▶ _EXCERPTED DATA_:
++++++++++

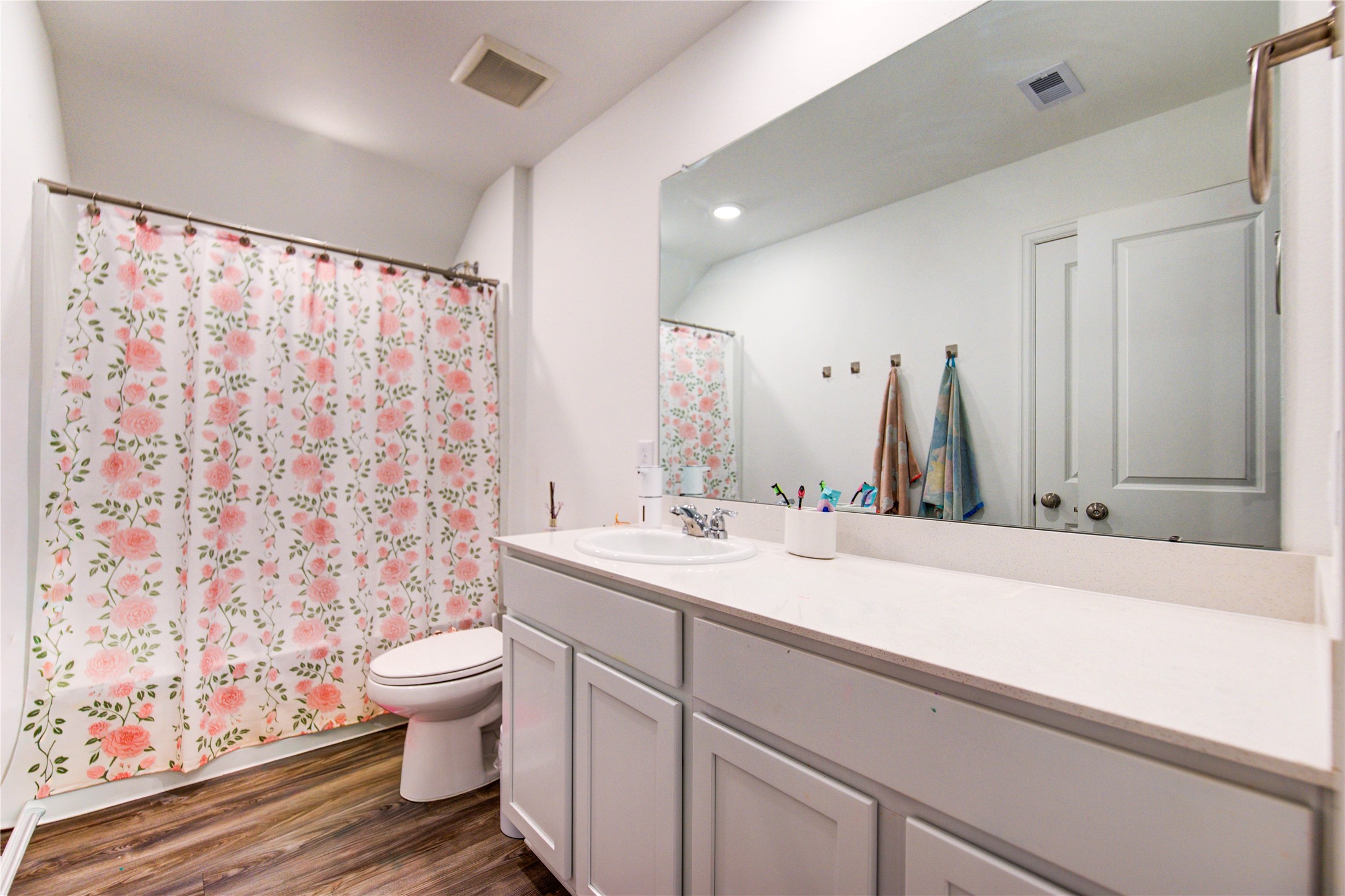 26627 Ledgemont Drive Property Photo 24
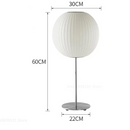 Moderne Stehlampe aus Seide für Wohnzimmer – Sericéa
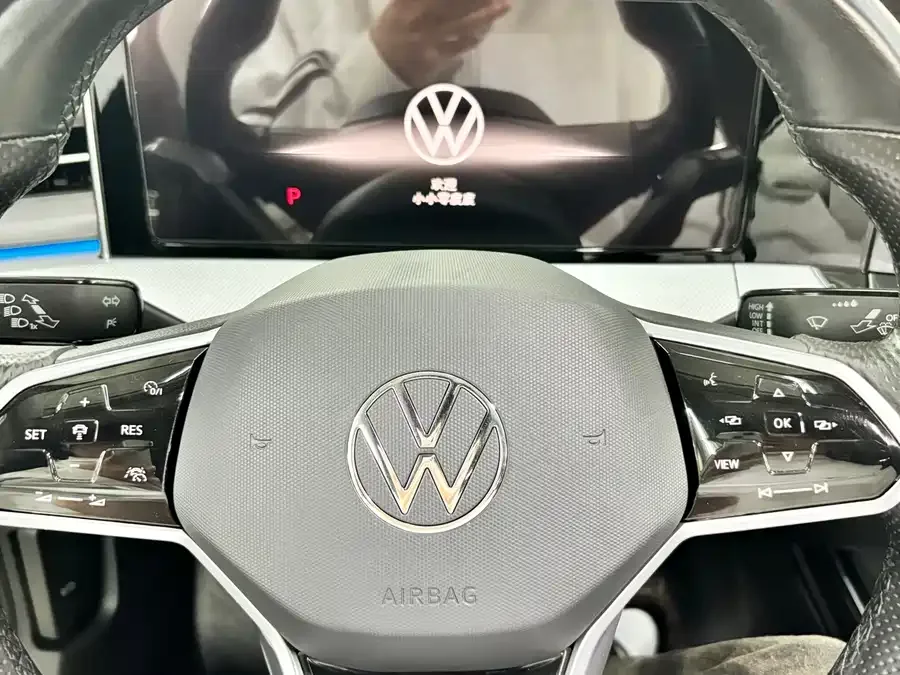 Volkswagen Lamando 2024 Lingdu Lingdu L 280TSI DSG Cool Edition 2023 — миниатюра 4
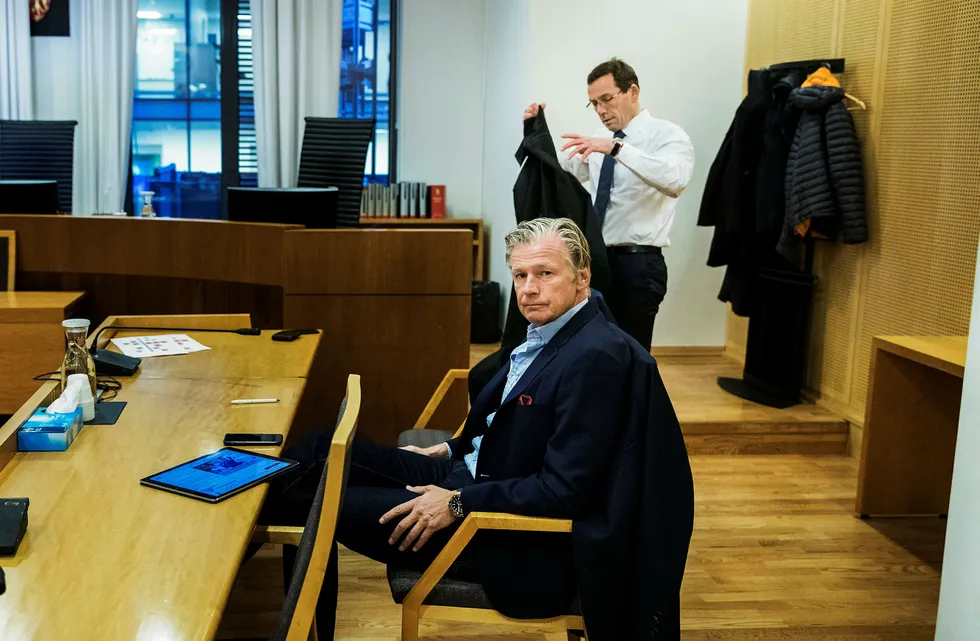 Eiendomsinvestor Edgar Haugen og advokat Ole Rasmus Asbjørnsen i rettssalen tirsdag.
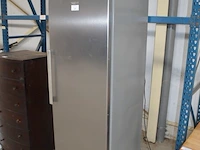 Grijze staande koelkast whirlpool (met schade) re365a (werking onbekend) - afbeelding 2 van  8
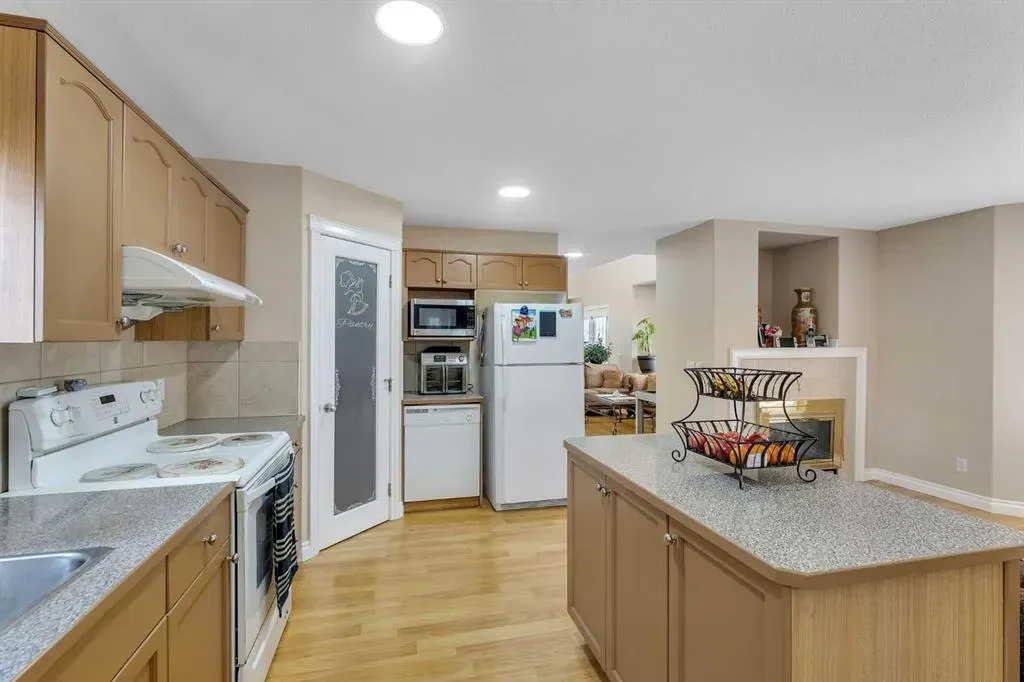 197 Tarawood Place NE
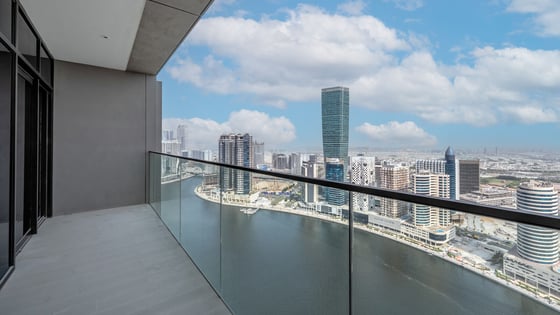 Luxury Living| Stunning Waterfront view| Top Floor, picture 17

++++++++++

Write out exactly the lines running from the one with "197 Tarawood Place NE" through the end of the material, both ends included, while leaving the pictures out.

▶ _EXERCISE OUTPUT_:
 197 Tarawood Place NE
 Luxury Living| Stunning Waterfront view| Top Floor, picture 17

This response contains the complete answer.